(Pictures with short captions)
┌────────

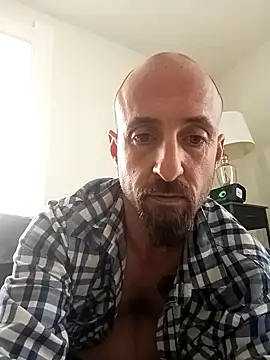 Snapshot of armdy371 chatting on October 2025 04:27:02 PM armdy371 online show from October 2025 04:27:02 PM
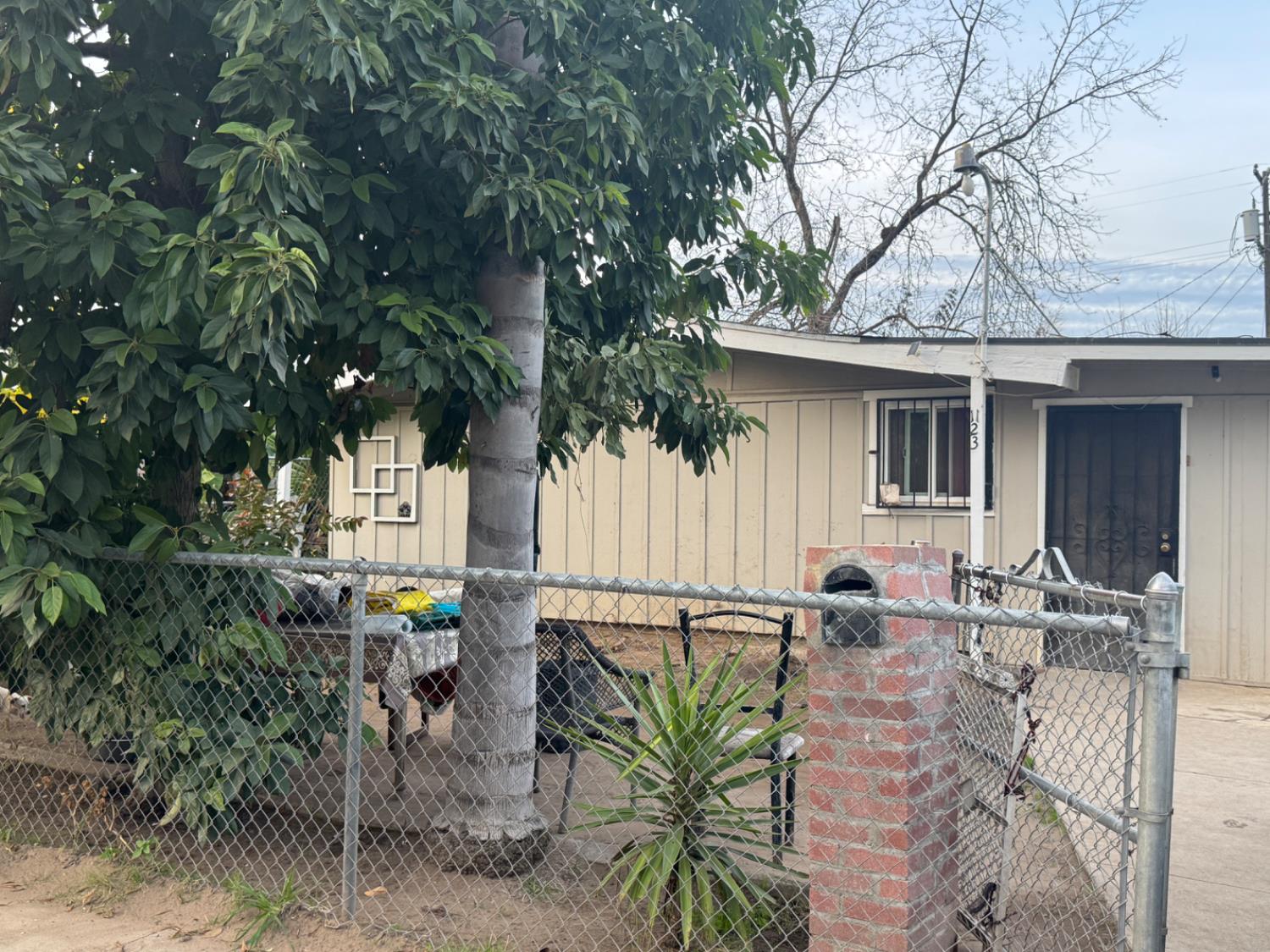1123 E Garrett Ave, Fresno, CA 93706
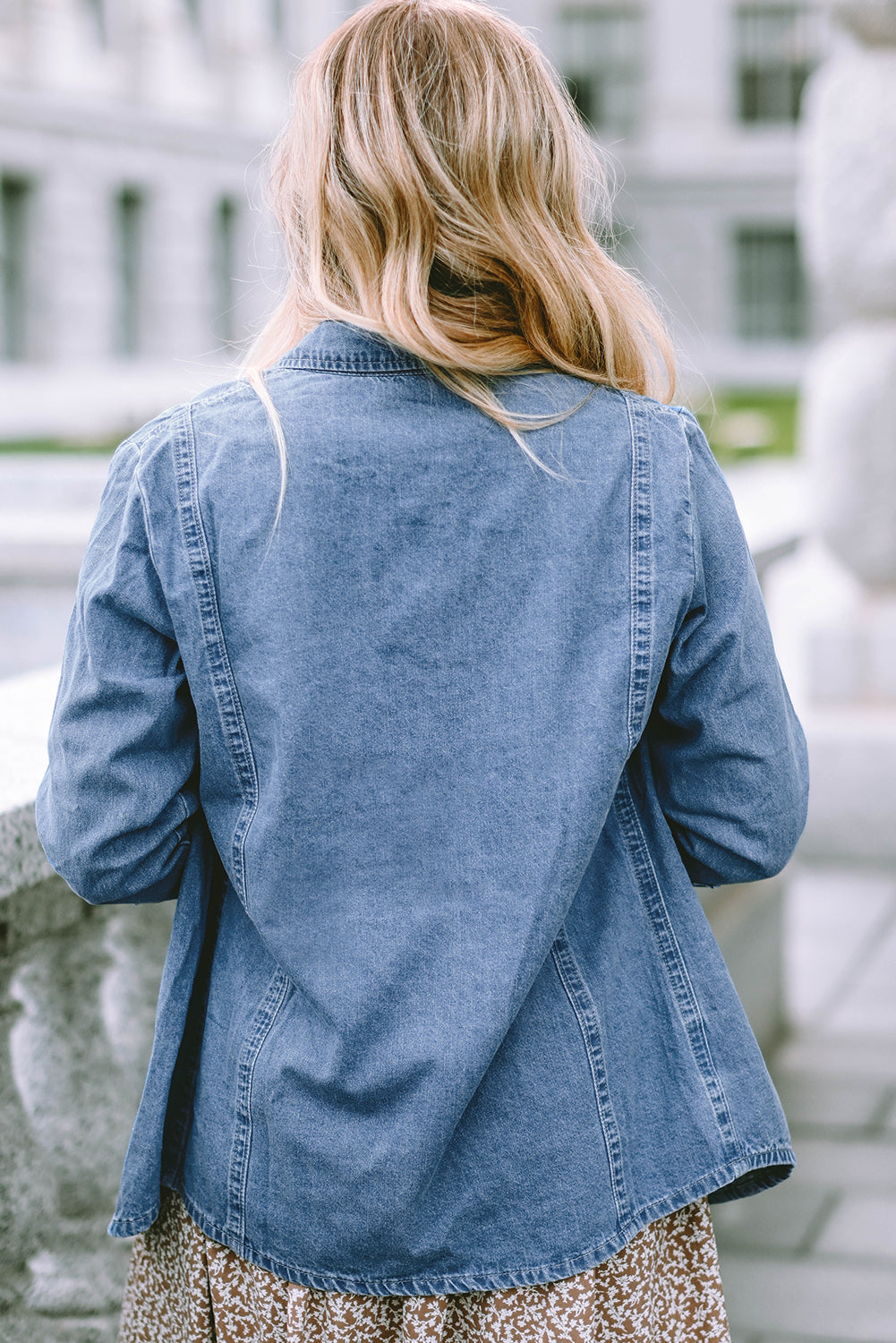 Chaqueta vaquera de manga larga con botones en color azul cielo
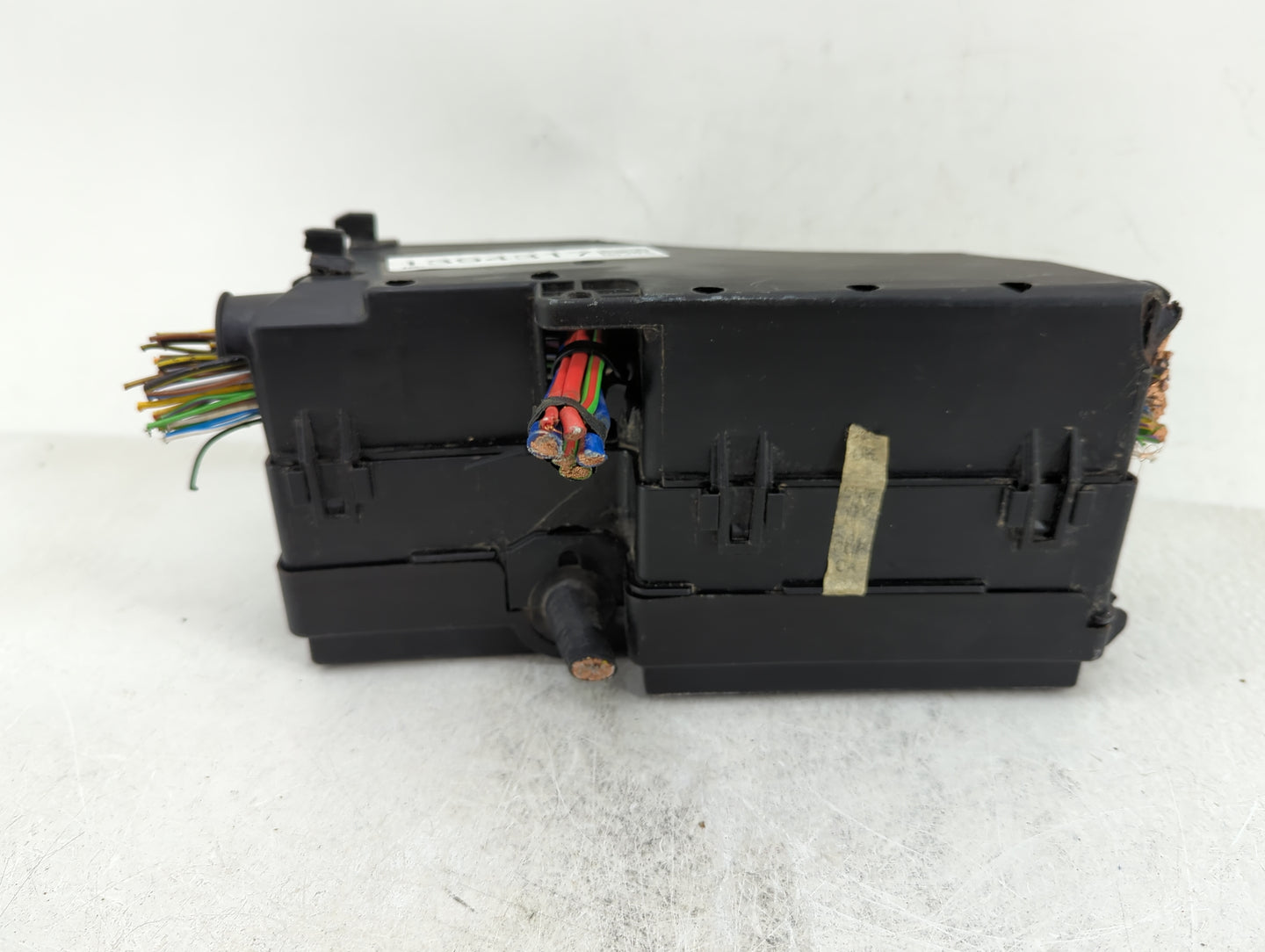 2019 Ford Escape Fusebox Fuse Box Panel Relay Module P/N:AV6T-14A142-AB Fits OEM Used Auto Parts - Oemusedautoparts1.com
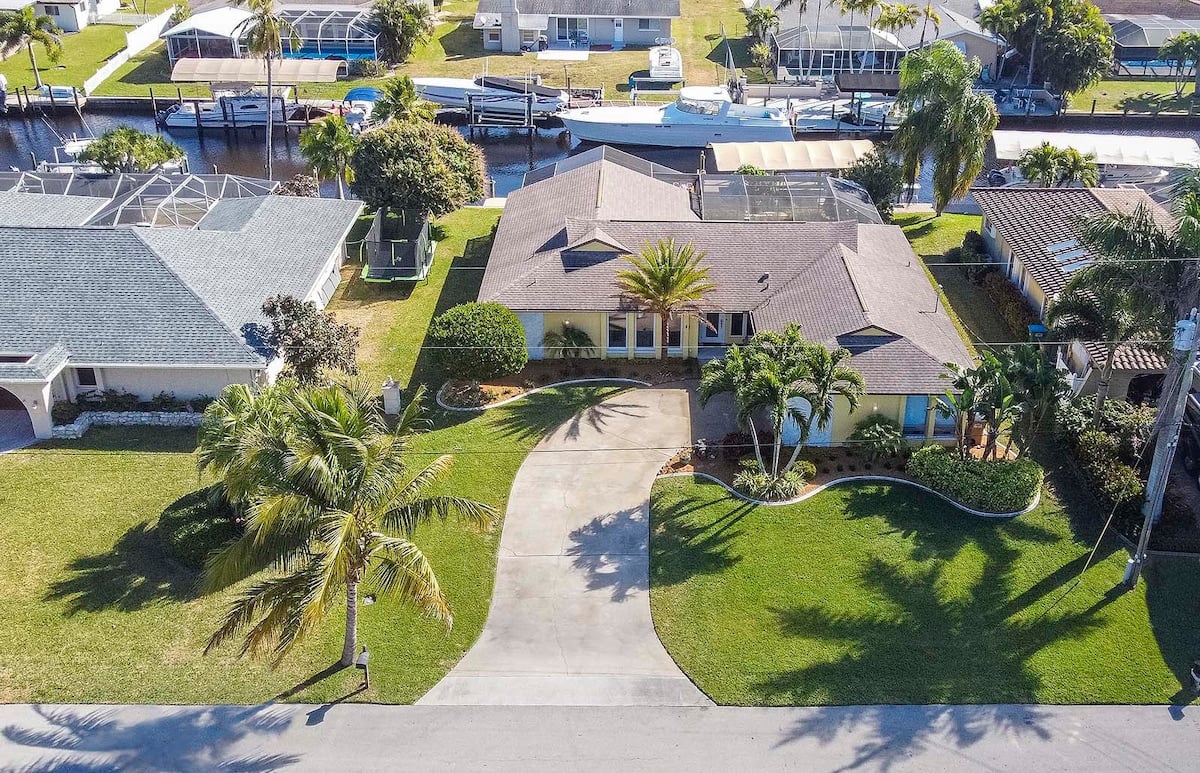 Beheizter Pool mit Liegen und Blick auf den Kanal.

└────────

### Exercise directions
Starting with the line that has "1123 E Garrett Ave, Fresno, CA 93706" and ending with the last line of the records, retype every line exactly and only those lines. Do not include the pictures.

### Answer
1123 E Garrett Ave, Fresno, CA 93706
 Chaqueta vaquera de manga larga con botones en color azul cielo
 2019 Ford Escape Fusebox Fuse Box Panel Relay Module P/N:AV6T-14A142-AB Fits OEM Used Auto Parts - Oemusedautoparts1.com
 Beheizter Pool mit Liegen und Blick auf den Kanal.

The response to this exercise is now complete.